Exercise brief:
Everything from the line with "All Fight No" to the end of the material is to be retyped exactly, both ends included, and nothing else.

Records to process:
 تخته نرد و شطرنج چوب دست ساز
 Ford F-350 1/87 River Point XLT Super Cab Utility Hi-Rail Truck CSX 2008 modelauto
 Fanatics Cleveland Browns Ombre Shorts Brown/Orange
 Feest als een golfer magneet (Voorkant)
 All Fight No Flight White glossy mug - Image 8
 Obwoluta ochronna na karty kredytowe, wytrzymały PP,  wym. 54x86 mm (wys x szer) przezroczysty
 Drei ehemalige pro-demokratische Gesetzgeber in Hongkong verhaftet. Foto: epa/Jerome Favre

Finished exercise:
 All Fight No Flight White glossy mug - Image 8
 Obwoluta ochronna na karty kredytowe, wytrzymały PP,  wym. 54x86 mm (wys x szer) przezroczysty
 Drei ehemalige pro-demokratische Gesetzgeber in Hongkong verhaftet. Foto: epa/Jerome Favre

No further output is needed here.